I'm looking for a job in us too.
And what's about the american way of life?


----------



## nat21 (Oct 10, 2010)

mirko25 said:


> I'm looking for a job in us too.
> And what's about the american way of life?


Do you have a 4 year degree? If so, in what subject? What field do you work in? Where in the US are you looking to migrate? Do you work for an international company that has a US presence? Please provide more information so that others will be able to advise.


----------



## mirko25 (May 23, 2011)

nat21 said:


> Do you have a 4 year degree? If so, in what subject? What field do you work in? Where in the US are you looking to migrate? Do you work for an international company that has a US presence? Please provide more information so that others will be able to advise.



I have a 5 years degree in Media Studies. I would like to work in Marketing or Advertising field. I have a 1 year experience in Italy in an international company, but I don't speak english very well. For this reason I'm looking for an internship in us that could give me the possibility to improve my english and gain experience at the same time. I am looking to migrate in NY where i have some friends. 
Thanks for your time


----------



## nat21 (Oct 10, 2010)

mirko25 said:


> I have a 5 years degree in Media Studies. I would like to work in Marketing or Advertising field. I have a 1 year experience in Italy in an international company, but I don't speak english very well. For this reason I'm looking for an internship in us that could give me the possibility to improve my english and gain experience at the same time. I am looking to migrate in NY where i have some friends.
> Thanks for your time


You will have to check to see if your degree is accredited in the US. Why not look into doing an internship for you company in their US offices? Keep in mind that the majority of internships do not pay and you will be lucky if they cover the cost of transportation and lunch. Don't know what visa you would need to do an internship (my friend did his 3 month internship on a tourist visa back in 2008) but I doubt that you will be allowed to stay after your internship is over (unless the company decided to sponsor you).


----------



## mirko25 (May 23, 2011)

nat21 said:


> You will have to check to see if your degree is accredited in the US. Why not look into doing an internship for you company in their US offices? Keep in mind that the majority of internships do not pay and you will be lucky if they cover the cost of transportation and lunch. Don't know what visa you would need to do an internship (my friend did his 3 month internship on a tourist visa back in 2008) but I doubt that you will be allowed to stay after your internship is over (unless the company decided to sponsor you).

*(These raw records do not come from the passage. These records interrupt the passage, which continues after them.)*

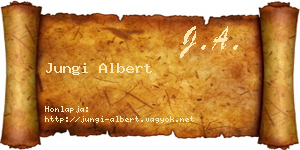 Jungi Albert névjegykártya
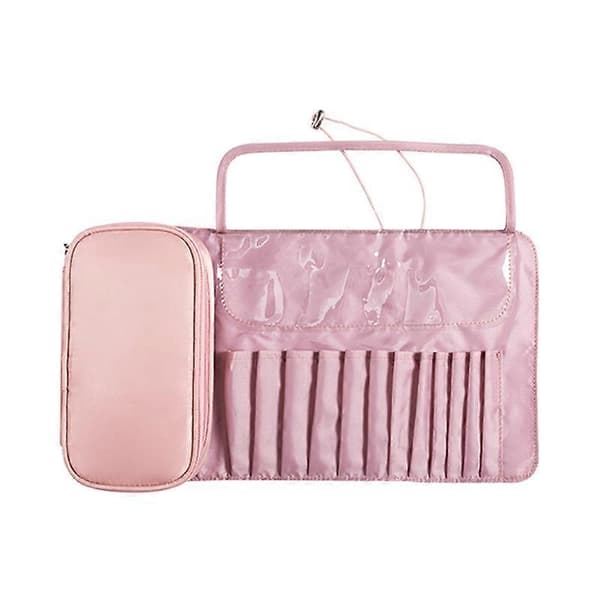 Makeup Børste Opbevaringspose, 2 i 1 Multifunktionel Lomme til Rejser, Forretning og Daglig Brug - Pink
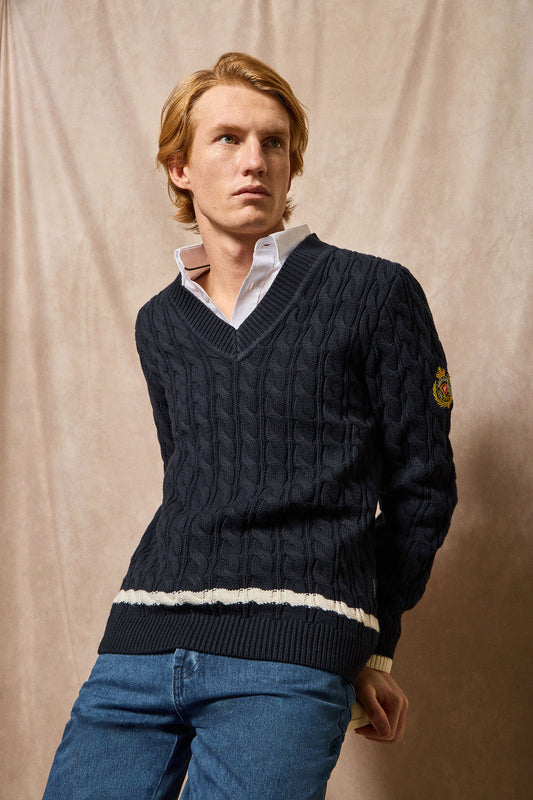 Navy-blue V-neck jumper Nautic with sleeve nautical patch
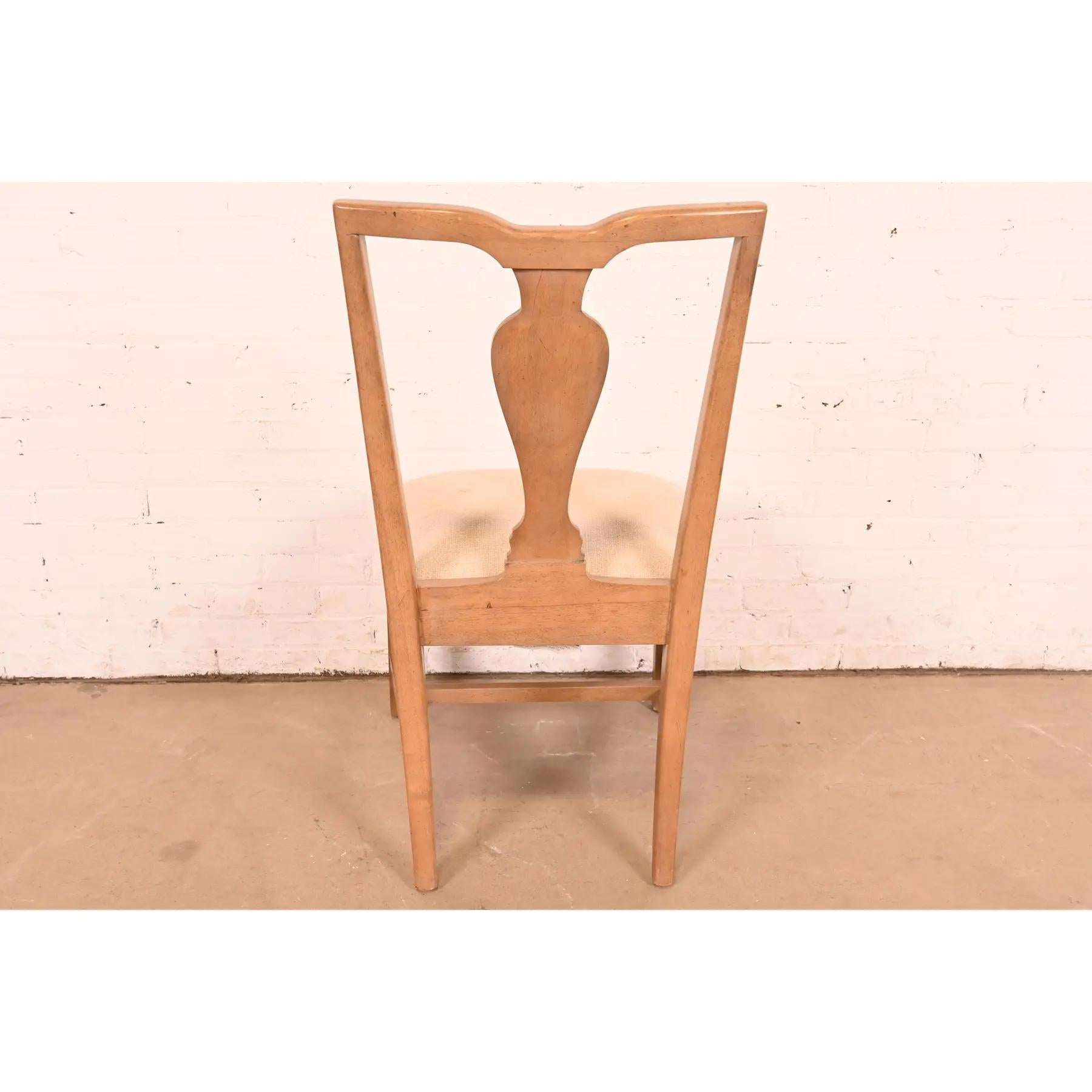 Upholstery Modern Chippendale Carved Maple Dining Chair or Side Chair For Sale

I checked and my degree is accredited in Usa as a B.A. degree.
I know that the costs could be very high, but I saved enough money in the last month in view of this experience.
The real problem is the visa, you're right. 
I would try to apply for a multinational company in my country. 
It's probably the easiest way...
Thanks so much for your suggestions, you have been very kind!


----------



## nat21 (Oct 10, 2010)

mirko25 said:


> I checked and my degree is accredited in Usa as a B.A. degree.
> I know that the costs could be very high, but I saved enough money in the last month in view of this experience.
> The real problem is the visa, you're right.
> I would try to apply for a multinational company in my country.
> ...


You would need the J1 Visa- Exchange Visitors Visa. However it states that you much do the internship within 12 months of graduating. Here is the link Intern | Programs | J-1 Visa


----------



## mirko25 (May 23, 2011)

nat21 said:


> You would need the J1 Visa- Exchange Visitors Visa. However it states that you much do the internship within 12 months of graduating. Here is the link Intern | Programs | J-1 Visa


Thanks so much!! 
And you? How long have you been living in us? Do you like american way of life?


----------



## nat21 (Oct 10, 2010)

mirko25 said:


> Thanks so much!!
> And you? How long have you been living in us? Do you like american way of life?


I grew up here and it's the only way of life I know...


----------